Il fascismo italiano, non diversamente dagli altri fascismi europei, si presenta con una retorica sovversiva e anticapitalista. La sua sostanza è tuttavia quella di un movimento controrivoluzionario, che non distrugge le vecchie élites sociali ed economiche, ma nello stesso tempo appresta un regime politico sociale nuovo. Distrutto il movimento operaio e via via tutte le istituzioni democratiche, crea nuovi istituti in cui le masse, vengono inquadrate irreggimentate e sottomesse. Nel regime fascista le masse sono un soggetto importante e decisivo, perché esse devono essere mobilitate per svolgere una funzione coreografica al fine di celebrare il trionfo del duce e del suo movimento. E soprattutto le masse devono costituire una comunità (il popolo, la nazione, la razza) che si mobilita attorno ai miti e ai simboli della dittatura.

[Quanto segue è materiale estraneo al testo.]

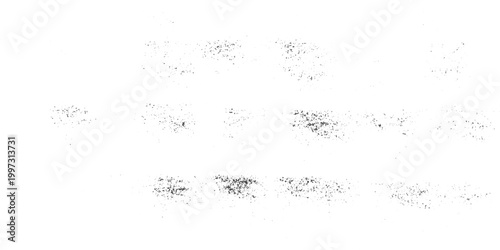 Vintage Black and White Grunge Texture with Ink Spray Grain Distressed Rough Surface Noise Overlay Abstract Background Vector Illustration.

L’individuo viene cancellato e annullato dallo Stato, che appare come unità compatta in cui le singolarità si dissolvono e gli uomini si fanno massa. All’interno di questa logica l’individuo deve identificarsi intimamente con il regime, con le sue regole e la sua fede. Attorno al singolo si crea quindi una rete di osservazione, costituita in parte da organi di polizia (la Polizia Politica dapprima e poi l’OVRA), ma rinforzata e resa più temibile dalla presenza dei delatori, cittadini che per desiderio di lucro o per invidia o malanimo o per ingraziarsi le autorità vogliono segnalarsi per zelo persecutorio nei confronti di ogni dissidenza.

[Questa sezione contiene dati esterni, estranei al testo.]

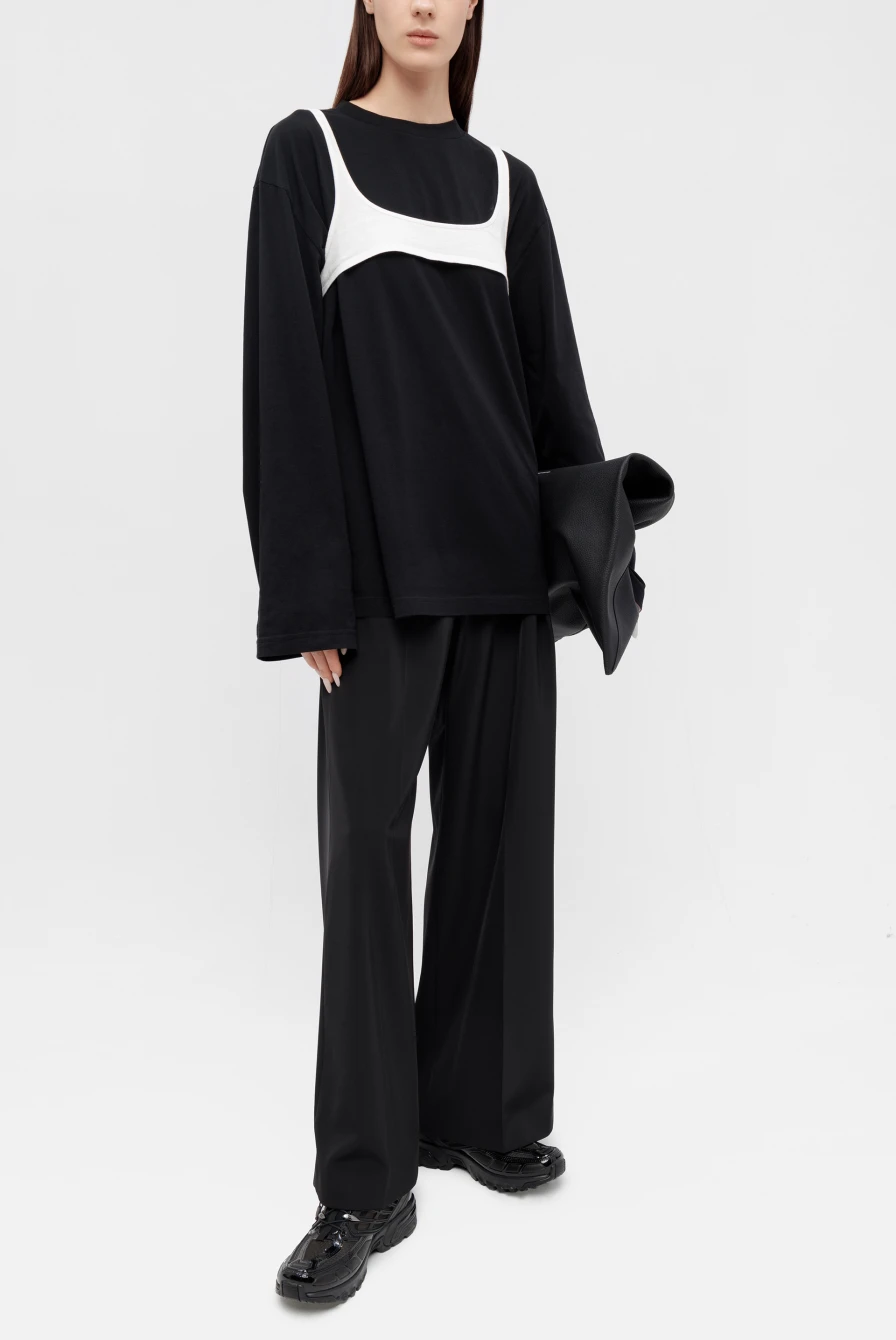 Брюки MM6 Maison Margiela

Le grandi cerimonie collettive, le adunate “oceaniche” per assistere alle esibizioni oratorie di Mussolini, sono momenti di una sorta di liturgia della nuova religione laica di cui il fascismo si è fatto banditore. Stretto dapprima attorno ai miti nazionalisti, il fascismo, con la guerra coloniale contro l’Etiopia, incrementa la componente razzista della propria ideologia e con il 1938 dichiara apertamente la persecuzione degli ebrei e di tutte le “razze inferiori”, come corollario necessario del suo totalitarismo.